For the foregoing reasons, which differ from those given by the Court of Appeals, we conclude that the Court of Appeals was correct in affirming the trial court’s judgment dismissing the plaintiffs claim. The decision of the Court of Appeals is, therefore, affirmed, tí
Affirmed.
. The assignment read as follows:
In consideration of services 'rendered and/or services to be rendered by North Carolina Baptist Hospitals, Inc. (“Hospital”) to Henry Clark (“Patient”), the undersigned hereby assign to the Hospital all right, title and interest in and to any compensation or payment in any form that (I, -we-) have received or shall receive as a result of or arising out of the injuries sustained by the Patient resulting in (his, -her-) hospitalization, up to the amount necessary to discharge all indebtedness to the Hospital for medical services rendered to the Patient, whenever and wherever rendered. (I, -We-) agree that this Assignment shall not relieve (me, -us-) of any such indebtedness until actually paid.
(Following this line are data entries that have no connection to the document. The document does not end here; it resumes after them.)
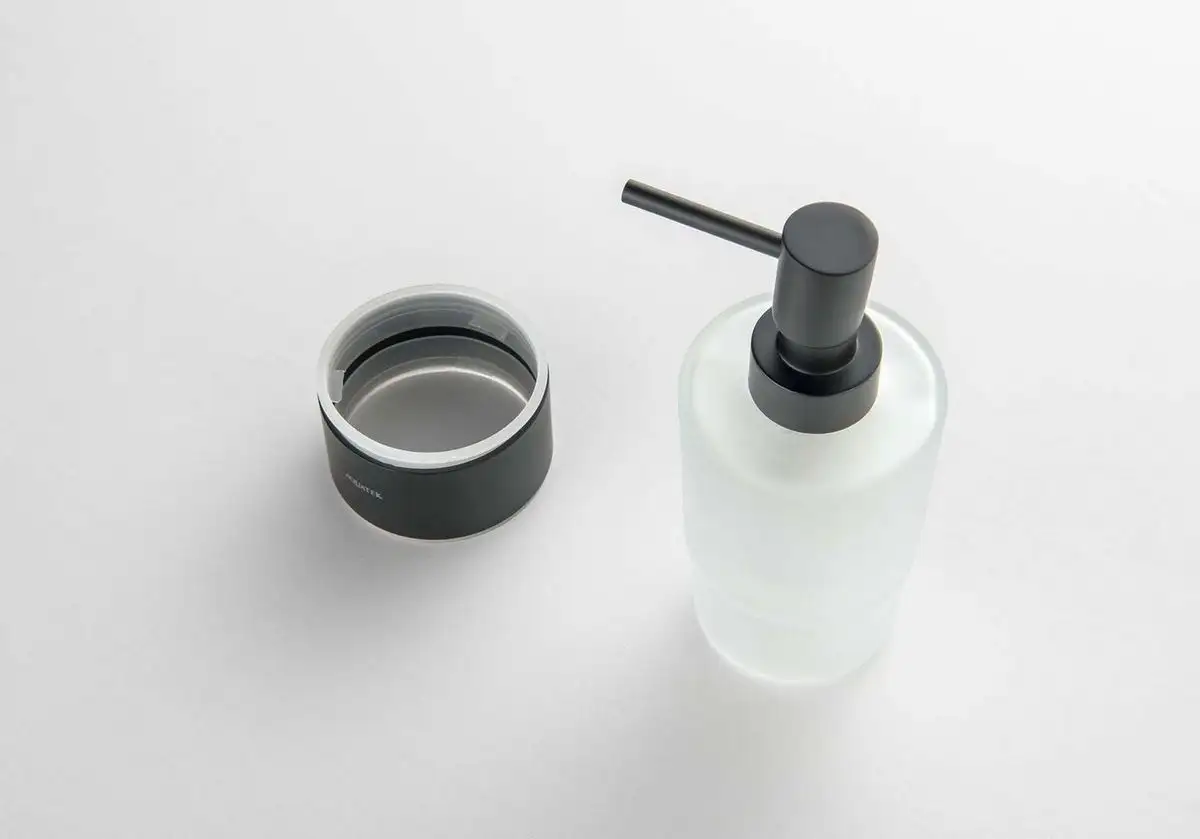 Дозатор для жидкого мыла Aquatek Лира AQ4429MB (черный матовый) – фото товара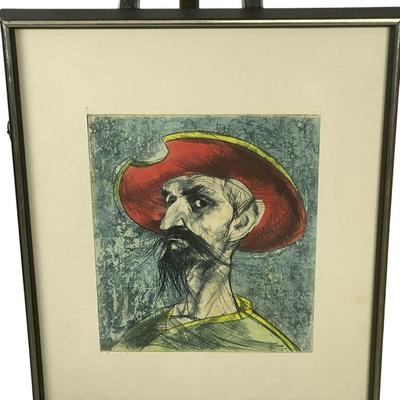 Marianne L. Almasy (American) "Don Quixote" Print or Etching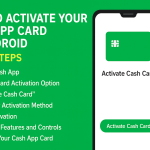how to activate cash app card on android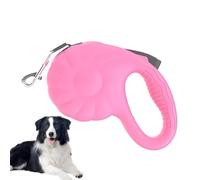 Corde rétractable pour chien pour cour, câble rétractable pour chien | Corde d'attache pour chien de compagnie - Traction pour animaux de compagnie de 16 pieds avec frein facile, pause, verrouillage e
This Assignment is irrevocable and made without prejudice to any rights that (I, -we-) might have to compensation for injuries incurred by the Patient, but (I, -we-) hereby authorize and direct *530any person or corporation having notice of this Assignment to pay to the Hospital directly the amount of the indebtedness owed to the Hospital in connection with services rendered to the Patient. (I, -We-) further authorize and direct any person or corporation making such payments to the Hospital to accept and rely upon a written statement from the Hospital as to the amount of such indebtedness.
. N.C.G.S. § 44-50 states:
Such a lien as provided for in G.S. 44-49 shall also attach upon all funds paid to any person in compensation for or settlement of the said injuries, whether in litigation or otherwise: and it shall be the duty of any person receiving the same before disbursement thereof to retain out of any recovery or any compensation so received a sufficient amount to pay the just and bona fide claims for such drugs, medical supplies, ambulance service and medical attention and/or hospital service, after having received and accepted notice thereof: Provided, that evidence as to the amount of such charges shall be competent in the trial of any such action: Provided, further, that nothing herein contained shall be construed so as to interfere with any amount due for attorney’s services: Provided further, that the lien hereinbefore provided for shall in no case, exclusive of attorneys’ fees, exceed fifty percent (50%) of the amount of damages recovered.